Oltre all’album di Sophya Baccini di cui s’è detto da poco, la genovese Black Widow ha licenziato di recente diversi album in cui la temperie musicale dominante è quella del recupero del progressive: in particolare, quel suono in cui l’organo occupa il proscenio rispetto alla chitarra elettrica. Ecco perché rubiamo a un’antologia di Bukowsky (Musica per organi Caldi) il gioco di parole del titolo (che già da sé evoca subito le morbose atmosfere dello “spaghetti-thrilling”, non trovate?).
Il pensiero corre subito ad Emerson Lake & Palmer (il grande Keith fu autore tra l’altro delle musiche di Inferno) e, in Italia, ai Goblin di Claudio Simonetti, le cui composizioni – dal classico Profondo Rosso di Gaslini – furono la colonna sonora dei classici di Dario Argento e di lì di tanto fanta-horror italico dell’era aurea del genere.
Bene, in effetti proprio in quest’area ci troviamo: di seguito, recensiamo quindi i tre album separatamente, dedicando a ciascuno un riferimento cinematografico ideale fra i titoli cult di quell’epoca per aiutarvi a collocarli nella vostra mappa dei “colori del buio”.
Three Monks – The Legend Of The Holy Circle
È l’album più spiccatamente “emersoniano” del lotto: la formazione a trio (Bozzi al basso, Bichi alla batteria) rimane la medesima del precedente album, programmaticamente intitolato “Neogothic progressive toccatas” e, anche senza espliciti omaggi argentiani come in quel disco (dove spiccava la cover proprio di Profondo Rosso), l’aria che tira è proprio quella umida e sepolcrale della cattedrale gotica, illuminata da candelabri e ovviamente infestata da demoni cattivissimi, in attesa di celebrare riti blasfemi con discinte fanciulle legate sui marmorei altari.
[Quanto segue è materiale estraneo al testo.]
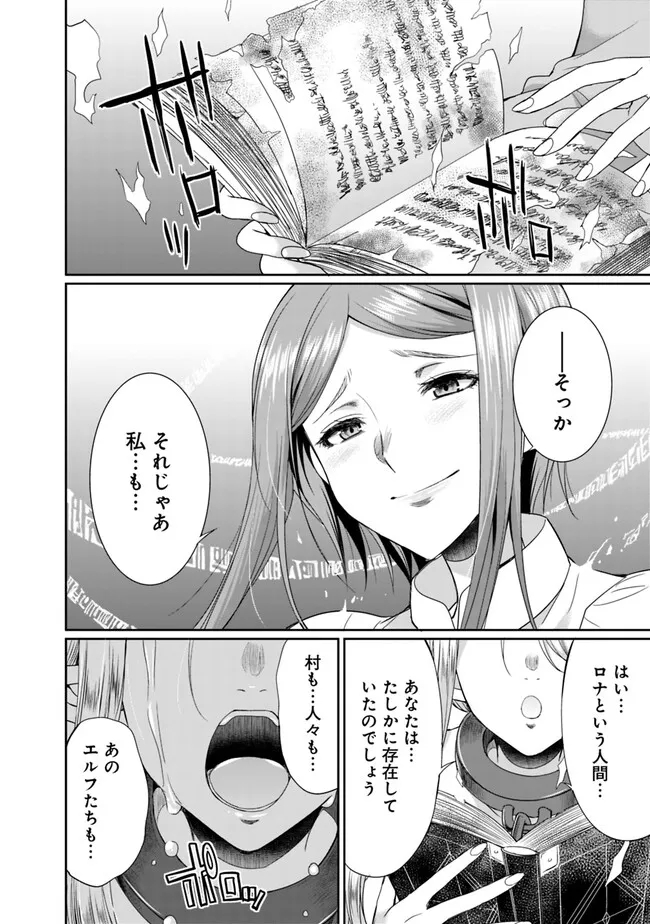 エルフ奴隷と築くダンジョンハーレム―異世界で寝取って仲間を増やします― Chap 12.1 - Next Chap 13.1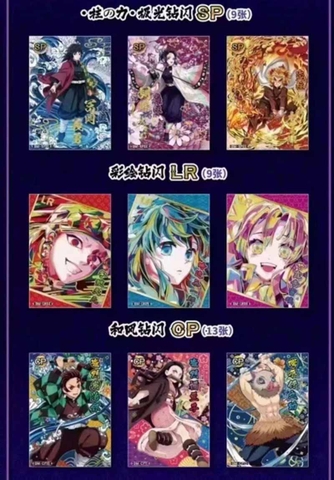 THẺ BÀI Kimetsu No Yaiba - Collectible Card Wisteria CCG - Booster Box (Shenle) PACK CARD CHÍNH HÃNG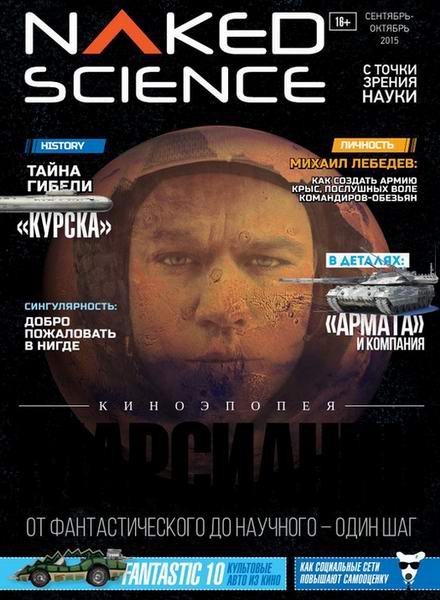 Naked Science №9-10  Сентябрь-Октябрь/2015 Россия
L’atmosfera è chiara (anzi, scurissima!) e spessa: si sente che il cuore di Julius Lazzeri (organista sepolcrale già dal nome) chiaramente batte forte per le fughe di Bach, se mai il limite del disco (interamente strumentale) risiede proprio nella scarsa varietà timbrica determinata dall’organico all’opera.
Album del mese a Moshpit (ulteriore conferma del legame prog-metal, anche a livello di gusti del pubblico), non sarà agevole da fischiettare sotto la doccia ma ideale per chi… si accinga a girare un remake de La Chiesa di Soavi (a destra una scena)!
Daemonia – Dawn Of The Dead/Zombi
I Daemonia sono la formazione post-Goblin di Claudio Simonetti, senza Morante e Pignatelli, sostituiti qui da Amorosi (basso) e Tani (drums), coll’aggiunta (assai proficua) di Bruno Previtali alla chitarra elettrica, che arricchisce l’impasto sonoro di una grinta più hard/metal (che per esempio non troviamo nei Three Monks).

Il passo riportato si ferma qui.